The tag name in a struct, union, or enum definition is optional. Many programmers fold the struct definition into the typedef and dispense with the tag altogether, as in:

typedef struct
    {
    ...
    } S;


The linked article also has a discussion about how the C++ behavior of not requireing a typedef can cause subtle name hiding problems. To prevent these problems, it's a good idea to typedef your classes and structs in C++, too, even though at first glance it appears to be unnecessary. In C++, with the typedef the name hiding become an error that the compiler tells you about rather than a hidden source of potential problems.

Michael Burr
A: 

You just answered your own question

PhirePhly
ya i got the answer from some one on the stackoverflow and i got this doubt abt the c and c++ advancements.so i posted it here.its a daughter question from that answer
Manoj Doubts
A: 

One other good reason to always typedef enums and structs results from this problem I have encountered with the Freescale Codewarrior compiler suite:

  enum EnumDef
  {
    FIRST_ITEM,
    SECOND_ITEM
  };

  struct StructDef
  {
    enum EnuumDef MyEnum;
    unsigned int MyVar;
  } MyStruct;

Notice the typo in EnumDef in the struct (Enu**u**mDef)? This compiles without error (or warning) and is (depending on the literal interpretation of the C Standard) correct. The problem is that I just created an new (empty) enumeration definition within my struct. I am not (as intended) using the previous definition EnumDef.

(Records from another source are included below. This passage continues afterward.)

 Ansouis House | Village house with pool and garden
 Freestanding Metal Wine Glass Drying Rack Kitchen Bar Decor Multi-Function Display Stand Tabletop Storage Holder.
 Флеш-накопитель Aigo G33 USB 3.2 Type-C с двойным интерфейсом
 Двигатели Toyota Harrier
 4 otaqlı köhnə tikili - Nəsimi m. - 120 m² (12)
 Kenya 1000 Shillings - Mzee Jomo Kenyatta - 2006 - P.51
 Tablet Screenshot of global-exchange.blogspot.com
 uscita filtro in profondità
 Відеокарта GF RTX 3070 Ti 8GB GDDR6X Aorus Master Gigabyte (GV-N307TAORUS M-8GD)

With a typdef similar kind of typos would have resulted in a compiler errors for using an unknown type:

  typedef 
  {
    FIRST_ITEM,
    SECOND_ITEM
  } EnumDef;

  typedef struct
  {
    EnuumDef MyEnum; /* compiler error (unknown type) */
    unsigned int MyVar;
  } StructDef;
  StrructDef MyStruct; /* compiler error (unknown type) */

I would advocate ALWAYS typedef'ing structs and enumerations.

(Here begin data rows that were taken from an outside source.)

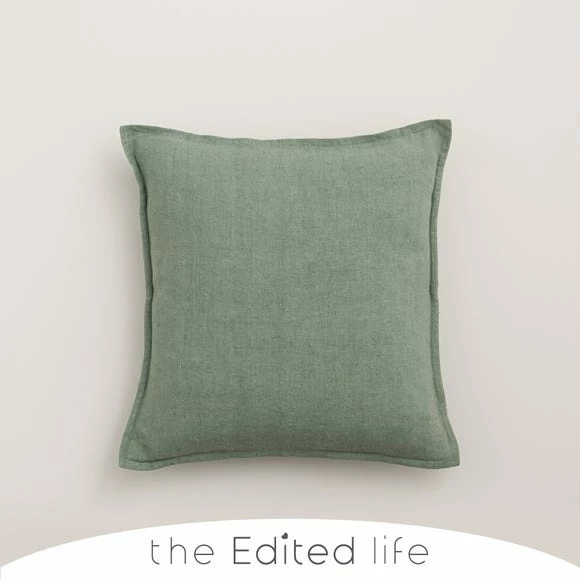 Outlet ✨ The Edited Life Cartmel Linen Cushion 🌟 2 Outlet ✨ The Edited Life Cartmel Linen Cushion 🌟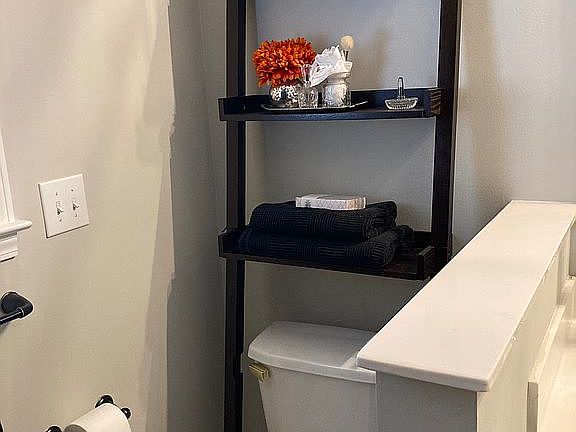 Spare bathroom
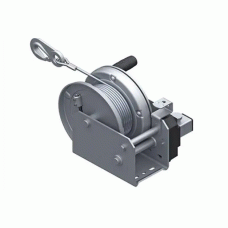 Лебідка причепа AL-KO Optima 1201A Plus ручна з тросом 12,5 м 1150 кг (1730019)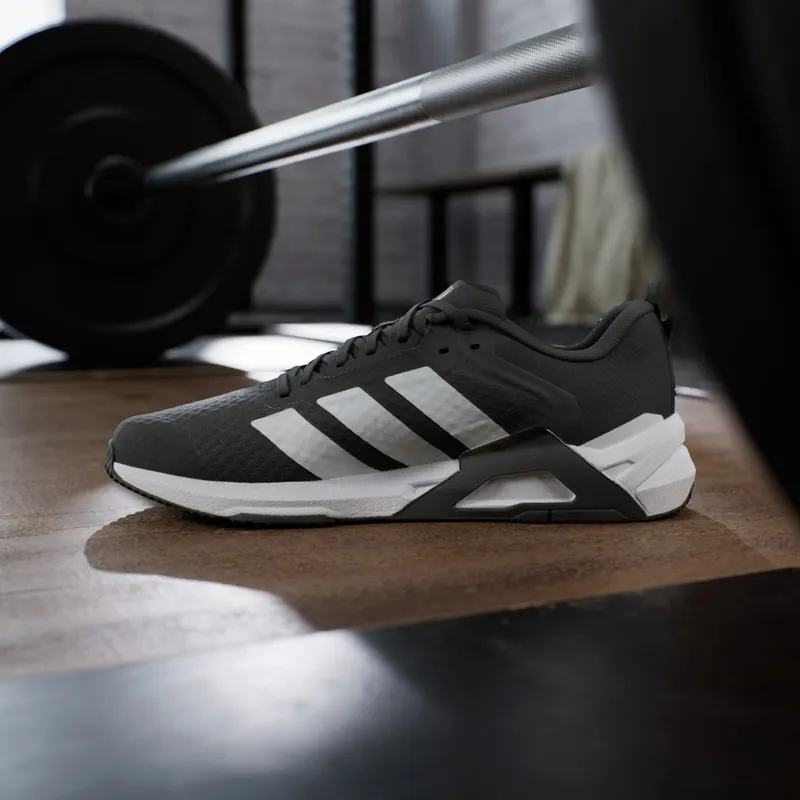 Adidas Dropset Control Training Shoes Core Black / Cloud White / Lucid Red (JS3036)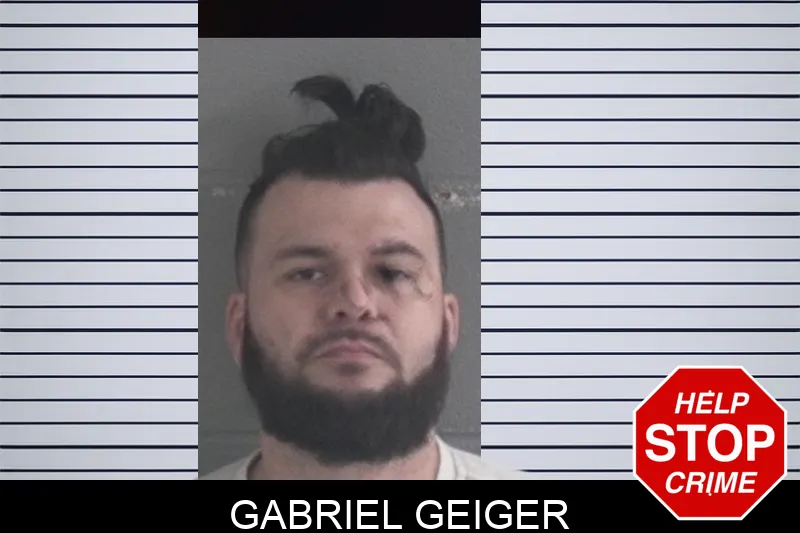 Gabriel Geiger Mugshots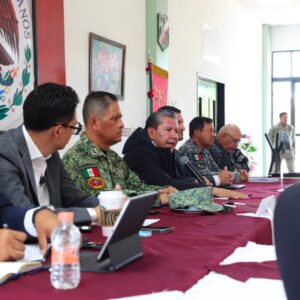 Presenta Gobernador Plan Estratégico de Seguridad para la Feria de Fresnillo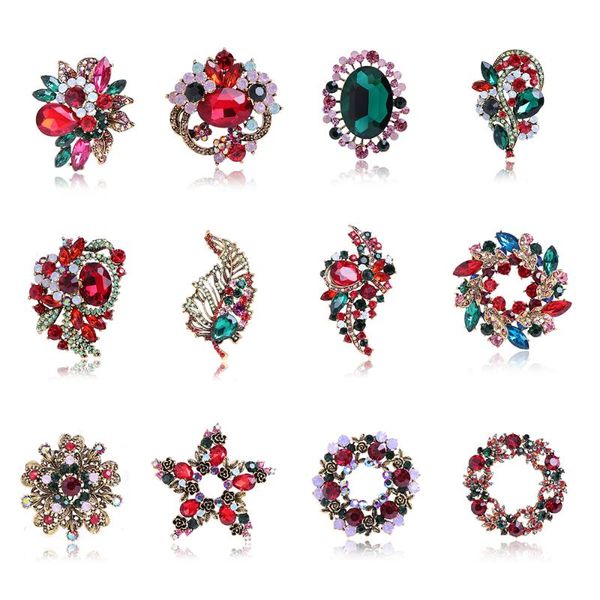 pins, brooches high-quality exquisite rhinestone glass brooch banquet dress accessories fashion superstar with clothing, Gray
pins, brooches high-quality exquisite rhinestone glass brooch banquet dress accessories fashion superstar with clothing, Gray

Not only to save some typing (no pun intended ;)), but because it is safer.

cschol
A: 

At all, in C language, struct/union/enum are macro instruction processed by the C language preprocessor (do not mistake with the preprocessor that treat "#include" and other)

so :

struct a
{
   int i;
};

struct b
{
   struct a;
   int i;
   int j;
};

struct b is expended as something like this :

struct b
{
    struct a
    {
        int i;
    };
    int i;
    int j;
}

and so, at compile time it evolve on stack as something like: b: int ai int i int j

that also why it's dificult to have selfreferent structs, C preprocessor round in a déclaration loop that can't terminate.

typedef are type specifier, that means only C compiler process it and it can do like he want for optimise assembler code implementation. It also dont expend member of type par stupidly like préprocessor do with structs but use more complex reference construction algorithm, so construction like :

typedef struct a A; //anticipated declaration for member declaration

typedef struct a //Implemented declaration
{
    A* b; // member declaration
}A;

is permited and fully functional. This implementation give also access to compilator type conversion and remove some bugging effects when execution thread leave the application field of initialisation functions.

This mean that in C typedefs are more near as C++ class than lonely structs.

doccpu
A: 

Use of typedef in C++ makes quite a bit of sense. It can almost be necessary when dealing with templates that require multiple and/or variable parameters. The typedef helps keep the naming straight.

Not so in the C programming language. The use of typedef most often serves no purpose but to obfuscate the data structure usage. Since only { struct (6), enum (4), union (5) } number of keystrokes are used to declare a data type there is almost no use for the aliasing of the struct. Is that data type a union or a struct? Using the straight forward non-typdefed declaration lets you know right away what type it is.

Notice how Linux is written with strict avoidance of this aliasing nonsense typedef brings. The result is a minimalist and clean style.

natersoz
Clean would be not repeating `struct`everywhere... Typedef's make new types. What do you use? Types. We don't *care* if it's a struct, union, or enum, that's why we typedef it.